Publié : 21 mai 2025 à 6h00 - Modifié : 21 mai 2025 à 14h23
Mandy Vereecken

BDR

Il est 8 heures ce matin-là, et les salariés de BDR Thermea quittent leur poste, entamé une heure plus tôt, pour rejoindre le mouvement de mobilisation. La veille, la direction a annoncé la suppression de 320 postes sur le site de Mertzwiller, dans le Bas-Rhin. Sur le parking, des tables, des bancs, des braseros et des drapeaux syndicaux témoignent de la mobilisation organisée dans l’urgence. La production est arrêtée, un piquet de grève installé pour faire entendre la colère et la stupeur des salariés.

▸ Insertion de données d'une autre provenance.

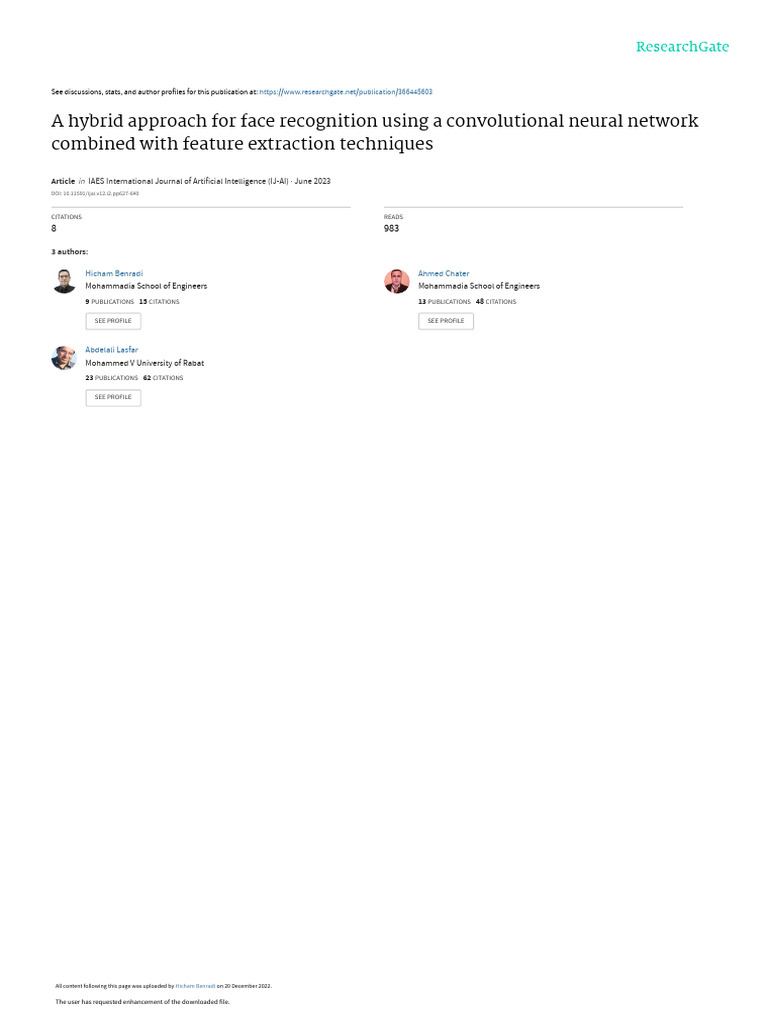 A Hybrid Approach For Face Recognition Using A Convolutional Neural ...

« Un vrai coup de massue », résume Chabounia Abdenouz, monteur assembleur, entré comme intérimaire en 2018 avant d’être embauché. « On tournait à plein régime. Jamais je n’aurais imaginé une telle issue. » Son désarroi est partagé. Fanny, opératrice sur la ligne de production, dont le conjoint travaille également sur le site, ne cache pas son inquiétude : « Trois enfants à charge, et d’un coup, plus de certitudes. C’est brutal. » Fiona, mère de deux jeunes enfants, confie ne pas encore avoir pris la mesure de ce qu’il se passe : « Hier, j’ai vu des collègues de longue date en larmes. De Dietrich, c’est toute leur vie. »

Au fil de la matinée, les employés convergent vers le rassemblement. Des fumigènes rouges sont allumés. La tension est palpable. « Ne pas réagir serait une erreur », affirme Philippe Lazarus, chaudronnier-soudeur depuis 35 ans et représentant Force Ouvrière. « Nous devons faire entendre notre mécontentement avant d’ouvrir des négociations sérieuses sur les conditions de départ, de formation ou de reclassement. »

La direction justifie cette restructuration par la baisse des aides publiques à la rénovation énergétique et la flambée des prix de l’électricité, qui freinent la demande de pompes à chaleur – l’une des principales productions du site. Une annonce brutale, même si certains s’y attendaient partiellement. « On sentait bien un changement, mais pas à ce point », reconnaît Sabine, opératrice. Philippe Lazarus poursuit : « On s’attendait à une réduction de personnel, 150 ou 200 postes peut-être. Mais la fin de la production, c’est un choc. »

Fiona, elle, repense aux efforts récents : « On a accepté des sacrifices : horaires décalés, salaire réduit… tout ça pour apprendre que ça ferme quand même. »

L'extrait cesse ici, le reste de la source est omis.